There was a negative reaction from the Obama campaign and from lefty bloggers. That's what you call "overwhelming?" Where is your proof of lots of people outside that group forming an "overwhelming … negative reaction?"

When Steven Levitt expresses an opinion on the popular NYT Freakonomics Blog, would it be accurate to state that the "New York Times says..."?


That page is here. Do you notice the first word in the window title? Do you notice the large heading at the top of the page? It's this word: "Opinion." Please tell us where on the NR media blog page is the reader warned that the material there is only opinion, and not news. I already asked you that question. Why are you ducking it? Maybe it's because you said this:

It is generally acceptable for news pieces to credit the publication only.


There's nothing on the NR media blog page to indicate to the reader that the page contains something other than "news pieces." Which means you're admitting that what I did is "generally acceptable."

The two WS links you provided referred to news pieces


Wrong. In my comment here, I cite two WS articles. The first is this. That article points to this NYT piece. That piece is clearly labeled "Political Memo," which means it is not a news piece.

As regards the NR links, two are to news pieces, one is actually to an official editorial


Wrong. If you claim one of those articles cites "an official editorial," then show us the link. I cited this piece by Goldberg. He doesn't give us a link, but he is quoting from this piece, which is clearly labeled "Opinion."

Goldberg has obviously done what you claim is unacceptable. Yet you have shown no examples, from either left or right, of anyone criticizing him for doing so. That's because what he did is, for better or worse, a common practice. In my opinion, what he did would be OK if he provided a link. But I cited two examples where he did it without even providing a link.

he will almost never concede on even the smallest point even where he is clearly wrong


I admit to being wrong when I'm proven wrong. About a dozen examples can be seen via here.
1.28.2009 8:26pm
mzeh (mail):
JBG,

Your points are just getting ridiculous. Firstly, my calling Pollowitz "independent" was a typo that I corrected long (long, long) before your response. You are really clutching at straws.

Um, are you saying this link is not an official editorial?? Because it is labeled "Opinion"?? (I feel like I am losing brain cells just reading your comments).

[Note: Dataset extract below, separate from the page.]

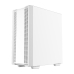 CARCASA DeepCool CC560 WH V2, Middle Tower, ATX, fara sursa, 4xfan, USB 3.2 gen 1 x 1, USB 2.0 x 2, audio, PSU shroud, 7 sloturi expansiune, iluminare LED, alb, R-CC560-WHGAA4-G-2 (timbru verde 0. CARCASA DeepCool CC560 WH V2, Middle Tower, ATX, fara sursa, 4xfan, USB 3.2 gen 1 x 1, USB 2.0 x 2, audio, PSU shroud, 7 sloturi expansiune, iluminare LED, alb, R-CC560-WHGAA4-G-2 (timbru verde 0.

And again, we see you creating obfuscation by not providing a full quote. Your excerpt "he will almost never concede on even the smallest point even where he is clearly wrong" is quite different from "In my "discussions" with JBG, he will almost never concede on even the smallest point even where he is clearly wrong."
1.29.2009 9:08am
jukeboxgrad (mail):
mzeh:

my calling Pollowitz "independent" was a typo that I corrected


Oops, my mistake. I overlooked your separate comment with the correction.

are you saying this link is not an official editorial?


Yes. This piece is not "an official editorial." NYT Editorials are labeled with the following heading: "Editorial." (Examples here, here, here, here, here and here.) If that piece was "an official editorial" it would be labeled as such, and it's not.

Because it is labeled "Opinion"?


Editorials appear on a page with the heading "Opinion," but they have a separate heading indicating that the piece is an editorial. This piece does not have that heading.

I notice you're still ducking lots of questions. Like this one, that I'm now asking for the third time. Please tell us where on the NR media blog page is the reader warned that the material there is only opinion, and not news.